Zu Beginn der Fabrikation herrschte ein spürbarer Mangel an Fachleuten, eine historische Begleiterscheinung, die auch die preußische Manufaktur in Potsdam / Spandau betraf. Um die fixierten Lieferquantitäten befriedigen zu können, mussten Fachleute aus dem Ausland (zumeist Suhl) angeworben werden. Büchsenmacher aus Kemnath, Pressath, Falkenberg, Tirschenreuth, Bärnau, Kirchenthumbach, Auerbach und Amberg arbeiteten für das Armaturwerk. Fuhrleute aus Kemnath und Umgebung übernahmen gegen Entgelt die anfallenden Transporte, was ebenso zu positiven wirtschaftlichen Impulsen führte.

Werk übernahm Lehrgeld

In Fortschau selbst legte man besonderen Wert auf eine eigene Ausbildung von Lehrjungen im Büchsenmacher- und Schäfterhandwerk. Lehrlinge mussten kein Lehrgeld an den Meister zahlen, das Werk übernahm diese Kosten. Zielsetzung war, einen qualifizierten Arbeiterstamm auszubilden, um die angeworbenen "ausländischen" Arbeiter durch eigene Büchsenmacher zuergänzen bzw. diese bei Ausscheiden adäquat ersetzen zu können.

Die eigenen Arbeiter sollten zudem Fähig sein, die zeitgenössisch modernen und technisch anspruchsvollen Steinschlossgewehre zu fertigen.Tatsächlich wurden die überkommenen Luntenschlossgewehre hauptsächlich von den heimischen Büchsenmachern angefertigt, während sich die Suhler Meister im Werk der Produktion der Steinschlossgewehre zuwendeten.

Lieferung nach München, Ingolstadt und Amberg

Die fertigen Gewehre wurden an die Zeughäuser München, Ingolstadt und Amberg geliefert, wobei die Kemnather Fuhrleute wieder den Transport übernahmen.

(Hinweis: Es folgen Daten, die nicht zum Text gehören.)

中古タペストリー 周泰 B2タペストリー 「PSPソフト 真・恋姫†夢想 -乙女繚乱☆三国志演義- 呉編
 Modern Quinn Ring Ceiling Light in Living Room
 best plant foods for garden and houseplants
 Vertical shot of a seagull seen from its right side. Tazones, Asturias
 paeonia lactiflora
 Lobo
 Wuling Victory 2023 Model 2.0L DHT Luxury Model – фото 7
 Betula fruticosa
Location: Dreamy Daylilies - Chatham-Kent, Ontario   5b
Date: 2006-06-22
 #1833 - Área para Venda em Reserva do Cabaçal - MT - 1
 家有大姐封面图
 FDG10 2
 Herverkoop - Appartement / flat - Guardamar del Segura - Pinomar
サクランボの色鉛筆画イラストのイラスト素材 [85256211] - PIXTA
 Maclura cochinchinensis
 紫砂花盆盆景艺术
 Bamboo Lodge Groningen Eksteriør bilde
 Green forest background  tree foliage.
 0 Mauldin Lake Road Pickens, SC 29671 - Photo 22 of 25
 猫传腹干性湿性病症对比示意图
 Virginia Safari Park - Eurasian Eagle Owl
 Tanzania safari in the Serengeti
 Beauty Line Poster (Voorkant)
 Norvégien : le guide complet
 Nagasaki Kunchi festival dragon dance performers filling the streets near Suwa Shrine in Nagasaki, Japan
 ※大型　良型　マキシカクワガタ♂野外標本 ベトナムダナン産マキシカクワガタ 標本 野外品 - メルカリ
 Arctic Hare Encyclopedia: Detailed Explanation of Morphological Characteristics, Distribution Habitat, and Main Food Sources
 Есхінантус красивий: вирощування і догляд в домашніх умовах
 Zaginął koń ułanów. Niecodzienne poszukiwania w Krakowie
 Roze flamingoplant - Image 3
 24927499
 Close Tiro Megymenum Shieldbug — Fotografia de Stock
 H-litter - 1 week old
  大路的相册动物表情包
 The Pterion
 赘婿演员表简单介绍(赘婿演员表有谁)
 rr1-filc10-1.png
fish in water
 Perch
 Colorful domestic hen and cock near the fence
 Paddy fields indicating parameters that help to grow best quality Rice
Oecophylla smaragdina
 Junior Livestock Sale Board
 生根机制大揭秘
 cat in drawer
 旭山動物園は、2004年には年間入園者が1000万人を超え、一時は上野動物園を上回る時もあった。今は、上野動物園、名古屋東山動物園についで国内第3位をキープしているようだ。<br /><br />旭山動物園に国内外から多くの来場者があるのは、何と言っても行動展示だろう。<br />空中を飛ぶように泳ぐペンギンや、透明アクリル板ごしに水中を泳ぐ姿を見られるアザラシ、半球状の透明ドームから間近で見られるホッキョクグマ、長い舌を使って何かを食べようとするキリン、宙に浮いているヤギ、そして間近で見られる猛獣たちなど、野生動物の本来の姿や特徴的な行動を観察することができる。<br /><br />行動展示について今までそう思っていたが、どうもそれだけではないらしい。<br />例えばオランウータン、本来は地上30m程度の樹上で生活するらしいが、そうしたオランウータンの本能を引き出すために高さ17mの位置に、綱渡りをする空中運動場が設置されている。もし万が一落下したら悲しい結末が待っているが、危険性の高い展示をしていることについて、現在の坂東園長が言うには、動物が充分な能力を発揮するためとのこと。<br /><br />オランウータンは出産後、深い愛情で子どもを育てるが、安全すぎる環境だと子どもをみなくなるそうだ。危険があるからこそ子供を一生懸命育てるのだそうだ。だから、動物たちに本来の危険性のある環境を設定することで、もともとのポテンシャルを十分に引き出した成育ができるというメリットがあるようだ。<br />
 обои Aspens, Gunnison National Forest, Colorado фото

Vorher wurden die Waffen auf ihre Gebrauchstüchtigkeit geprüft. Dies war Aufgabe des Beschaumeisters, eines besonders fähigen Büchsenmachermeisters.

Als der bayerisches Kurfürst durch den spanischen König Karl II. Ende 1691 zum Generalstatthalter der spanischen Niederlande ernannt wurde, verlegte er seine Residenz nach Brüssel und beorderte einen großen Teil des Heeres nach den Niederlanden. Mit dem Truppenabzug fiel der Bedarfsträger fort. Der Sachverhalt, der für die Gründung des Armaturwerks sprach kehrte sich nun in das Gegenteil. Da die Truppen nun in den spanischen Niederlanden standen, war das dortige Großzentrum der damaligen Waffenmanufakturen Lüttich wesentlich näher als das heimische Fortschau, die daraus resultierenden räumlichen Vorteile wurden bereits geschildert. Durch den kurfürstlichen Ankauf in Lüttich sahen sich die heimischen Zeughäuser nicht mehr an das bestehende Ankaufverbot ausländischer Waffen gebunden. Fortschau verlor de facto die Monopolstellung, es lag eine Situation vor, in der mansich plötzlich mit einem übermächtigen Konkurrenten auseinandersetzten musste.